India’s Financial Intelligence Unit (FIU-IND) is investigating Binance and WazirX for potential loopholes in cross-border digital asset transfers, focusing on unregulated wallet transactions linked to Pakistan and concerns about illegal funding and money laundering near sensitive areas like Jammu and Kashmir.

Binance paid a fine of INR 18.9 crores to restart operations in India after resolving compliance issues, while WazirX was hacked for $235 million, exposing security weaknesses. Both exchanges face regulatory scrutiny and investigations into cross-border wallet transactions, with concerns about terrorism financing and national security.

India and Pakistan are taking divergent paths towards crypto regulation, with Pakistan establishing the Pakistan Crypto Council and the Pakistan Virtual Assets Regulatory Authority, while India focuses on AML measures and tax compliance for crypto exchanges. Efforts are being made to align with global standards like the Crypto-Asset Reporting Framework.

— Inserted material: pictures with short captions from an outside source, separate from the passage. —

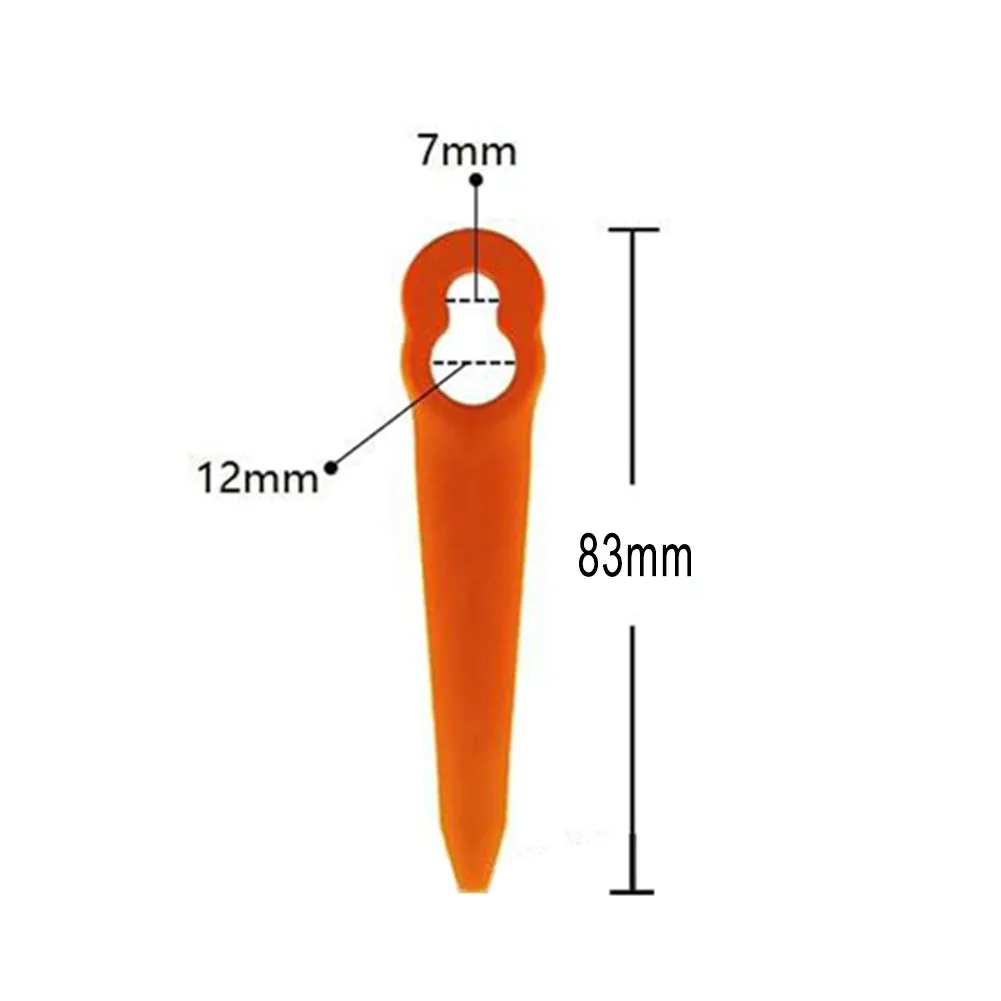 Durable Plastic Blades Blades STIHL Polycut 100Pcs 2-2 Polycut 3-2 FSA 45 FSA Compatible For STIHL Plastic Blades
Durable Plastic Blades Blades STIHL Polycut 100Pcs 2-2 Polycut 3-2 FSA 45 FSA Compatible For STIHL Plastic Blades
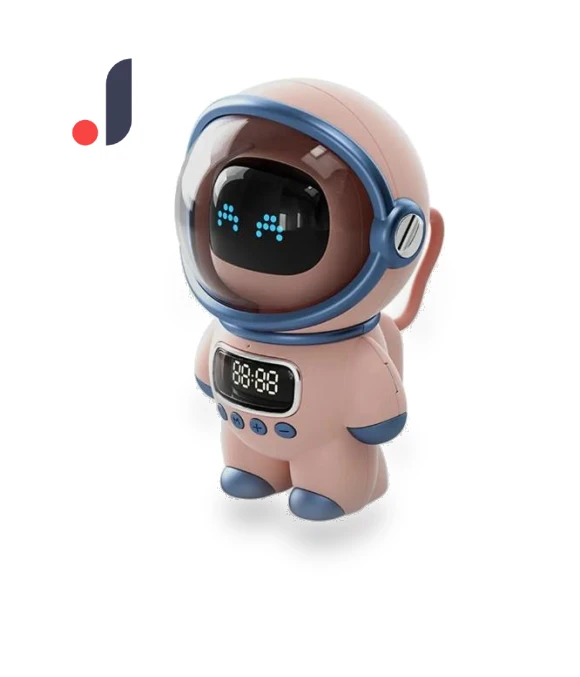 DODO Astronaut Smart AI Interactive Bluetooth Speaker — Portable Audio, Xiaomi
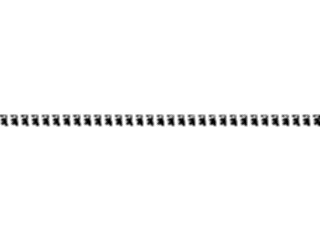Sticker Custom Preview Image #037059 Borders Horizontal Border244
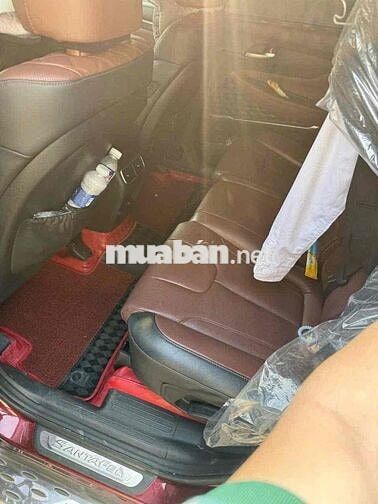 Hyundai Santa Fe 2022 2.2 Dầu Cao Cấp - 62000 km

Cross-border crypto transactions between India and Pakistan pose risks due to regulatory differences, anonymity concerns, tensions, and rising cybercrime. The Financial Action Task Force warns of terrorists exploiting cryptocurrencies for financing extremist activities, leading to enhanced vigilance on crypto transactions to prevent illicit flows of money.

Governments worldwide are tightening crypto regulations, with India investigating Binance and WazirX mirroring global initiatives against crypto-enabled terrorist financing. The US has disrupted terrorist financing operations involving digital currency, while EU and US Congress advance acts for regulatory clarity and licensing measures to combat money laundering and illicit financial activities.